La libre circulation entre régions des viandes provenant d’abattoirs agréés vient d’être autorisée. Le volume annuel des transactions du secteur est de 22 milliards de DH.

Le décret relatif au contrôle de la salubrité des viandes foraines a été adopté le 1er novembre en conseil de gouvernement.
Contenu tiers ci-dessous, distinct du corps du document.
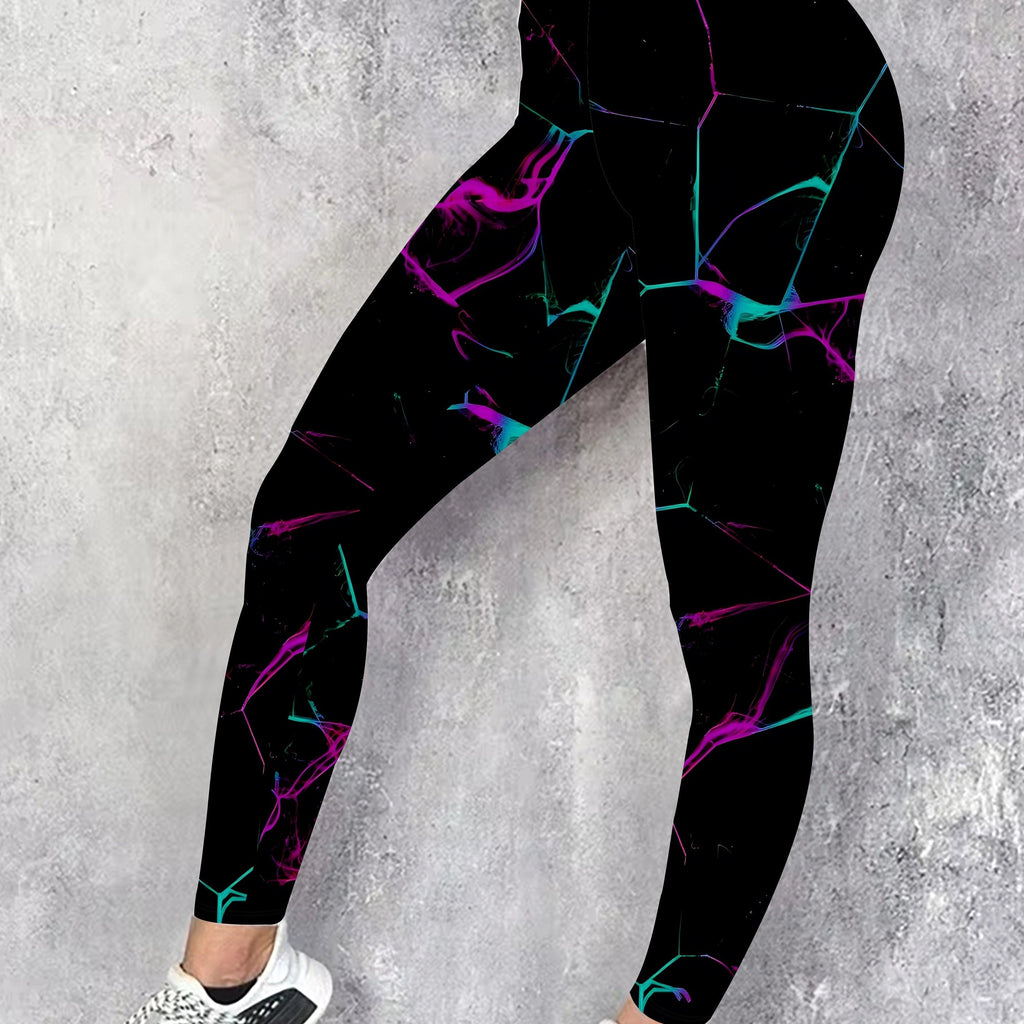 Women's Plus Size High-Waisted Floral Print Leggings - Stretchy, Casual, Machine Washable, Black with Vibrant Purple & Teal Accents, All-Season Comfort Fit, High Waisted Leggings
Ce décret autorise la libre circulation entre régions des viandes provenant d’abattoirs agréés et devrait permettre le développement d’un réseau de transport frigorifique conforme à la réglementation en vigueur. L’objectif affiché est de favoriser l’émergence d’un marché des viandes compétitif et d’inciter les opérateurs privés à investir dans le secteur. A l’adoption de ce nouveau décret s’ajoute l’élaboration par les ministères de l’agriculture et de l’intérieur de deux cahiers des charges relatifs à l’agrément sanitaire et la gestion déléguée des abattoirs. Ces mesures visent à améliorer la qualité de la viande au bénéfice du consommateur.

La rencontre entre les deux départements ministériels et les professionnels organisée le 19 novembre avait justement pour objet de faire le point sur l’état d’avancement du contrat programme 2009-2014 pour le développement de la filière. C’est ainsi que la production de viandes rouges a progressé de 17% entre 2007 et 2011. Au cours de l’année dernière, elle a atteint 439 000 t, soit  97% de l’objectif  de production prévu par le contrat programme (450 000 t).

La consommation individuelle moyenne est de 12,4 kg par an

Au Maroc, le cheptel producteur de viandes rouges compte aujourd’hui 25,8 millions de têtes réparties entre bovins (2,8 millions), ovins (17,5 millions), caprins (5,5 millions). Le volume annuel des transactions est, quant à lui, de 22 milliards de DH. Pour ce qui est de la consommation individuelle moyenne, elle est de 12,4 kg par an. La filière des viandes rouges génère 1,8 million d’emplois permanents, soit 40% de l’ensemble du secteur agricole (4,5 millions d’emplois). En vue d’améliorer les «conditions cadre» de la filière, il est prévu la mise à niveau de 12 abattoirs municipaux à travers la gestion déléguée, ainsi que la concrétisation de «8 projets intégrés et/ou d’agrégation comprenant des unités d’engraissement, d’abattage et de découpe» pour un montant global dépassant les 560 MDH. L’ensemble de ces projets, qui devrait entraîner la création de 1 670 emplois à temps plein, constitue une feuille de route pour les années à venir.